Saturday : 2014.11.08

  • 09:55 EAM : the system has generally been sluggish : night time processing was way behind this morning, lots of timeouts on the pantaskses, loading of the ippMonitor page was very sluggish. I stopped all processing in the morning (~6:30) and restarted the ippdb01 mysql server. (I also rebooted ipp036, which had crashed). this helped a little, but things still seemed to be slow. I've just stopped all non-nightly science processing.
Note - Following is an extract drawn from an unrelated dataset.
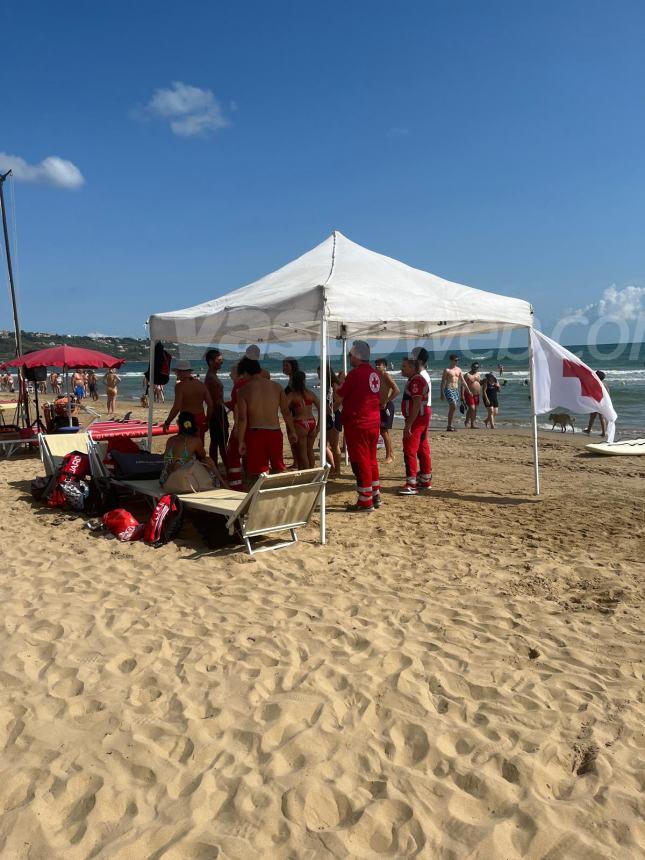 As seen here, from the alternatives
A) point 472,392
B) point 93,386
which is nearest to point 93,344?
point 93,386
I have also added 4xc2 hosts in ipp/stdscience to increase the throughput for nightly.
  • 10:05 EAM : requeued a failed diff with:
    ippdb01: difftool -dbname gpc1 -definewarpwarp -exp_id 813873 -template_exp_id 813886 -backwards -set_workdir neb://@HOST@.0/gpc1/OSS.nt/2014/11/08 -set_dist_group SweetSpot -set_label OSS.nightlyscience -set_data_group OSS.20141108 -set_reduction SWEETSPOT -simple -rerun
    604168 new neb://@HOST@.0/gpc1/OSS.nt/2014/11/08 OSS.nightlyscience OSS.20141108 SweetSpot SWEETSPOT  2014-11-08T20:05:29.278386 RINGS.V3 T T 0  0.000000 nan nan nan nan 1 
    604169 new neb://@HOST@.0/gpc1/OSS.nt/2014/11/08 OSS.nightlyscience OSS.20141108 SweetSpot SWEETSPOT  2014-11-08T20:05:29.278386 RINGS.V3 T T 0  0.000000 nan nan nan nan 1 
    
  • 11:55 EAM : 2 diffs were failing on the stamp rejection, in the vector fit. I thought we fixed this? Here is an example error:
        Data error code: 36b6
    rror in subtraction:
     -> VectorFitPolynomial1DOrd (psMinimizePolyFit.c:633): unknown psLib error
         Could not solve linear equations.
     -> psVectorFitPolynomial1D (psMinimizePolyFit.c:758): unknown psLib error
         Could not fit polynomial.  Returning NULL.
     -> psVectorClipFitPolynomial1D (psMinimizePolyFit.c:934): unknown psLib error
         Could not fit polynomial.  Returning false.
     -> pmSubtractionRejectStamps (pmSubtraction.c:1014): invalid data
         Unable to measure statistics for deviations.
     -> pmSubtractionMatch (pmSubtractionMatch.c:848): invalid data
         Unable to reject stamps.
     -> ppSubMatchPSFs (ppSubMatchPSFs.c:466): Problem in data values
         Unable to match images.
     -> ppSubLoop (ppSubLoop.c:113): Problem in data values
         Unable to match PSFs.
    found 4 leaks at ppSub
    Number of leaks to display: 500
    # func at (file:line)  ID: X  Ref: X
    pmSubtractionRejectStamps at (pmSubtraction.c:978)  ID: 2557013  Ref: 1
    vectorAlloc at (psVector.c:78)  ID: 2557014  Ref: 1
    pmSubtractionRejectStamps at (pmSubtraction.c:979)  ID: 2557015  Ref: 1
    vectorAlloc at (psVector.c:78)  ID: 2557016  Ref: 1
    Unable to perform ppSub: 5 at /home/panstarrs/ipp/psconfig/ipp-20141024.lin64/bin/diff_skycell.pl line 507.
    Running [/home/panstarrs/ipp/psconfig/ipp-20141024.lin64/bin/difftool -diff_id 604081 -skycell_id skycell.0793.089 -fault 5 -adddiffskyfile -dtime_script 31.9999873638153 -hostname ippc13 -path_base neb://stsci14.0/gpc1/OSS.nt/2014/11/08/RINGS.V3/skycell.0793.089/RINGS.V3.skycell.0793.089.dif.604081 -dbname gpc1]...
    

I set these to bad quality:

stsci19: difftool -updatediffskyfile -fault 0 -set_quality 36b6 -diff_id 604081 -skycell_id skycell.0793.089 -dbname gpc1
stsci19: difftool -updatediffskyfile -fault 0 -set_quality 36b6 -diff_id 604237 -skycell_id skycell.0434.099 -dbname gpc1
  • 16:20 MEH: turning ippsXX on in lanl stdlocal

Sunday : 2014.11.09

  • 08:10 EAM : nightly processing was running somewhat slowly. i've stopped ipplanl/stdlocal because i suspect the stacktool command is overloading the database.